§ **GIVEN DATA**:
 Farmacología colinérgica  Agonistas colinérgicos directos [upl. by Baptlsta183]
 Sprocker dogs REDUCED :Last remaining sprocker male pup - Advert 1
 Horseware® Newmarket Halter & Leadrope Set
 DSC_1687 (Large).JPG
--
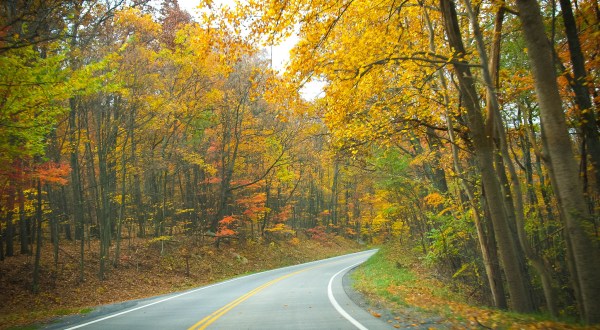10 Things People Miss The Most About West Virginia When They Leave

§ **WORK ITEM**: Please give an exact copy of the lines above, beginning with the line containing "[upl. by Baptlsta183]" and running through the line containing "DSC_1687 (Large).JPG", and of no other lines.

§ **ANSWER TO THIS EXERCISE**:
 Farmacología colinérgica  Agonistas colinérgicos directos [upl. by Baptlsta183]
 Sprocker dogs REDUCED :Last remaining sprocker male pup - Advert 1
 Horseware® Newmarket Halter & Leadrope Set
 DSC_1687 (Large).JPG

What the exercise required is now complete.